C pointers are variables that store addresses. A pointer does not “know” the type of data it points to at runtime; the type exists for the compiler’s benefit so that it can scale pointer arithmetic and enforce basic type checks. When you print a pointer, you are printing a value in the process’s virtual address space. The correct format specifier in C is %p, and the value should be cast to void* to avoid undefined behavior. This is essential for a memory inspector, because printing addresses safely and consistently is the main visible output. Pointer arithmetic works in units of the pointed-to type, not bytes, which is why p + 1 means “next element,” not “next byte,” unless you cast to char*.

Deep Dive into the Concept

Pointers are integers under the hood, but not all integers are valid pointers. A pointer must reference a mapped, properly aligned address for the intended type. For example, an int* that is not aligned to a 4-byte boundary can cause misaligned access on some architectures. When you print an address, the C standard only guarantees that %p will print a representation of the pointer value. On most platforms, that representation is a hexadecimal address with a 0x prefix. Casting to void* is required because %p expects a void* argument, and passing a different pointer type is undefined behavior. In practice, compilers often allow it, but building a debugging tool means you should be strictly correct.
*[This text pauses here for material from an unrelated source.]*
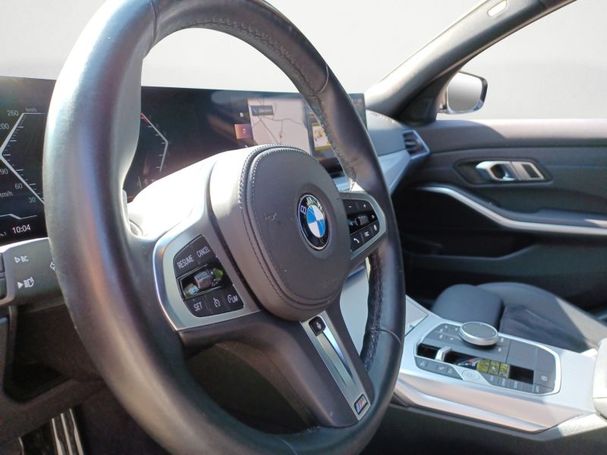 BMW 320i Touring 135 kW image number 13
Pointer arithmetic is one of the biggest sources of confusion. p + 1 adds sizeof(*p) bytes, not 1 byte. This makes array traversal natural but can be surprising when you attempt to interpret raw memory. In a memory inspector, you often want byte-level operations, so you will cast to unsigned char* or uint8_t* to treat memory as a byte array. This is the same technique used by debuggers and hexdump tools. You should also understand that a pointer’s numeric value does not encode the region; you must compare it against known ranges from /proc/self/maps to label it. This means your tool should parse the memory map and then compare each address you print to those ranges.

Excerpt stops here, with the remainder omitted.